Açıklama sonrasında gazetecilerin sorularını yanıtlandıran Cihan Türsen, 9 Eylül ve 29 Ekim törenleri için yapılan harcamaların soruşturma kapsamına alındığını ifade etti. Türsen, öğrencilere diş fırçası ve macunu dağıtılması, mandalina dağıtılması, payton kiralanması, üstü açık turist otobüslerinin yapımı, süt dağıtımı gibi konuların soruşturma kapsamında olduğuna dikkat çekti.
Şüpheli sıfatıyla savcıya ifade verilmesinin ardından mahkemeye çıkacak müvekillerine yönelik operasyonu hakla göstermek için haksız tutuklamalarla karşılaşabilecekleri endişesini taşıdıklarını belirten Türsen, 'Her türlü olumlu yada olumsuz gelişmeye hazırlıklıyız. Şuanda müvekkillerimizi soruşturmaya ilişkin delileri, belgeleri, evrakları bilmemiz nedeniyle savunamuyoruz. Ayrıca dinlemeler, görüntü kayıtları ile soruşturmanın haklılığın savunulması dikkat çekicidir' dedi.
Gönüllü Avukatlar Kurulu'nun basın açıklamasından satır başları:
-200'ü aşkın avukat yapılan basın açıklamasına katıldı. İzmir Barosu tarafından dağıtlan cübbe odasında cübbe kalmadı çoğu avukat cübbesiz açıklamaya katıldı.

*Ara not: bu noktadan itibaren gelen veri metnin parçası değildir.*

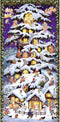 Korsch Advent-Tree Tower, 23.75" H x 11.5" W x .1" D, White by Alexander Taron Importer 11641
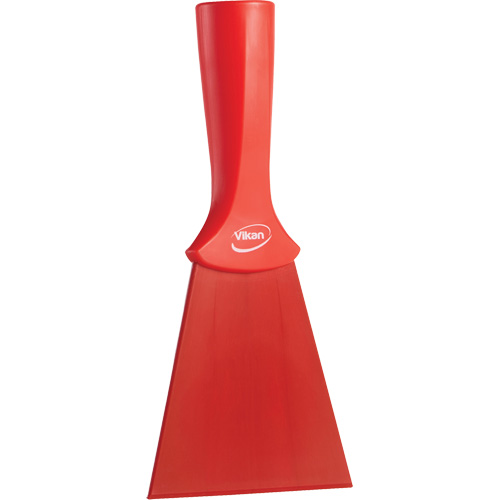 Grattoir en nylon avec poign&eacute;e filet&eacute;e, Rouge, 4" la x 8" lo OSI Industrial Sales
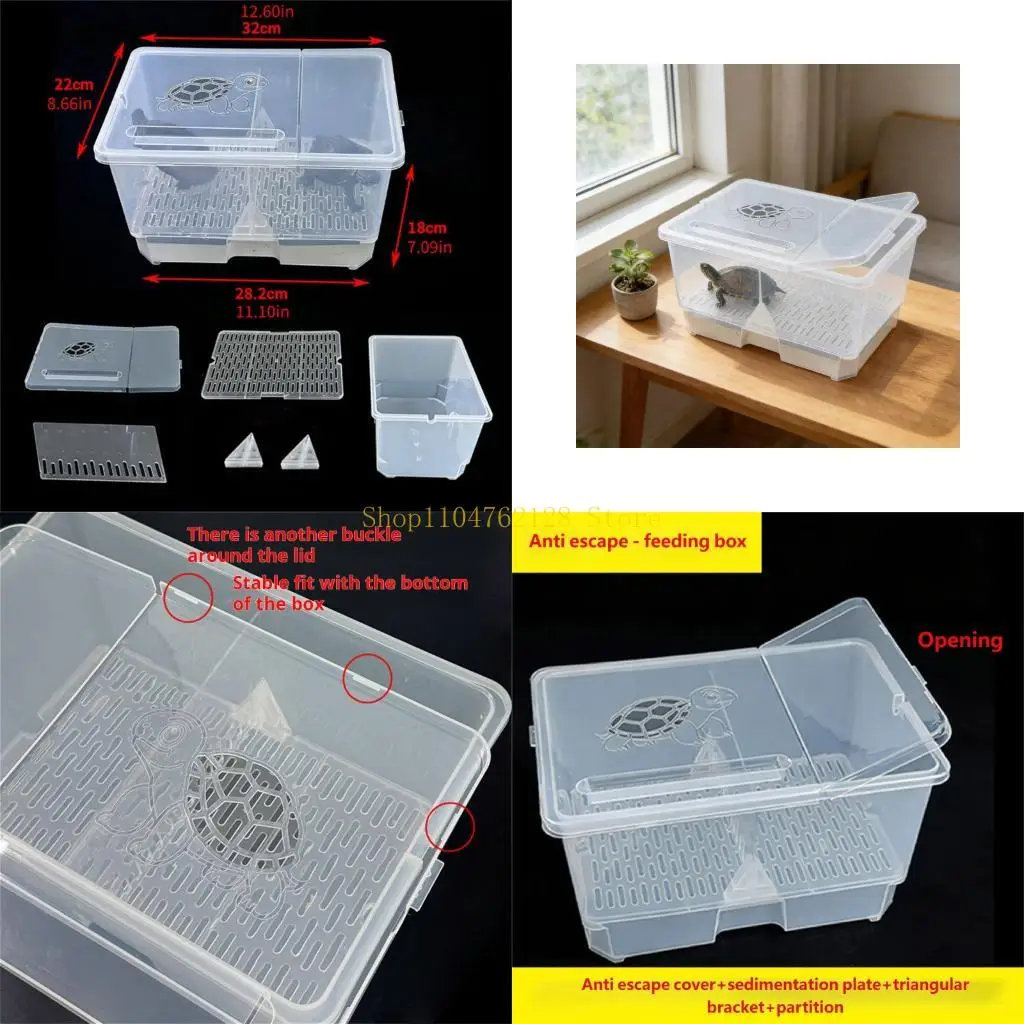 

Large Lizards Habitat Box Ventilated Cover and Detachable Waste Tray best sale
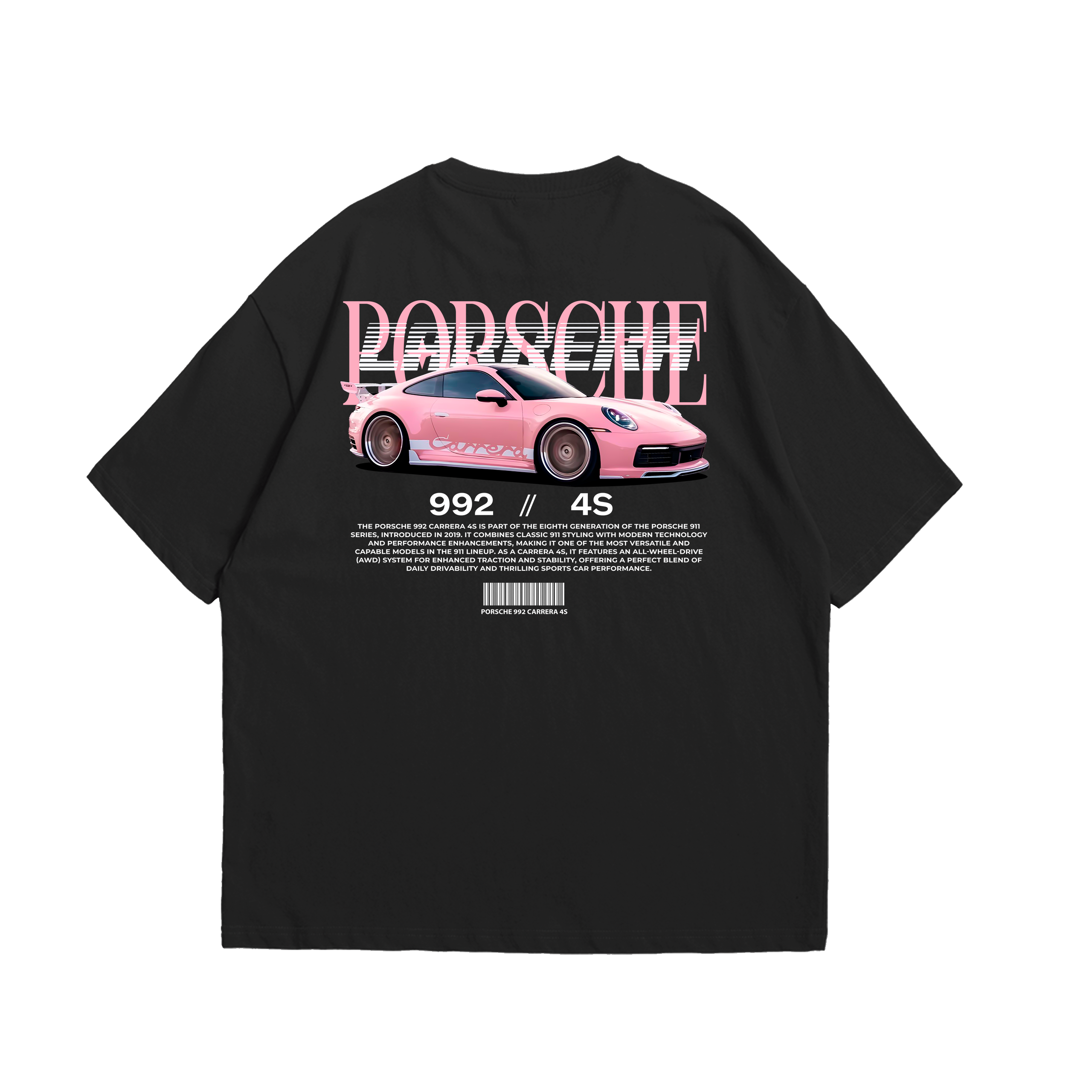 Camiseta Oversized Porsche Carrera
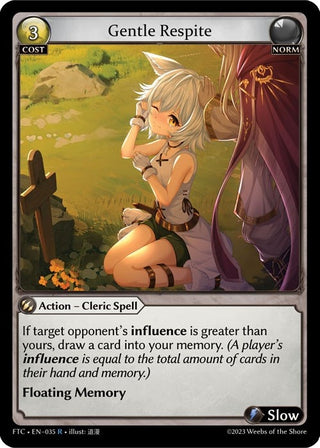 Gentle Respite (35) (FTC) - Grand Archive TCG Single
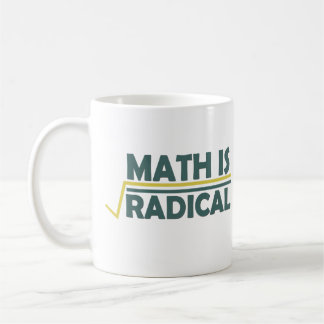 Mathe ist radikal kaffeetasse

-Müdafi olarak 15 avukat davaya bakıyor. 60'ın üzerinden avukat davaya Müdafi olmak istedi. Bu sayının artması bekliyor
-Belediye çalışanları da açıklama destek verdi. Açıklamanın ardından İzmir Laiktir, Laik Kalacak sloganı atıldı.
Dilekçede neler var?
Avukatların İzmir 10. Ağır Ceza Mahkemesi'ne verdikleri kısıtlama kararının kaldırılması dilekçesinde, 'Kısıtlama kararının kaldırılması, kısıtlamanın istisnası niteliğindeki (CMK) m.153/3 kapsamındaki) belgelerin bir listesinin çıkarılarak müdafi avukatlara verilmesi' istendi.
Dilekçede, 'İletişime müdahale ve teknik izleme ve bilgisayar ve kütüklerinde yapılan aramalara ilişkin kararlar ve bu kararlar neticesinde elde edilen deliller hukuka aykırıdır' ifadesi dikkat çekti. Söz konusu dilekçede, savunma hakkının ihlal edildiği vurgulandı.

BİR İLK YAŞANIYOR
İzmir'de ilk defa işçiler, Adliye'ye gelip slogan atarak, Başkan Kocaoğlu'na sahip çıkıyor.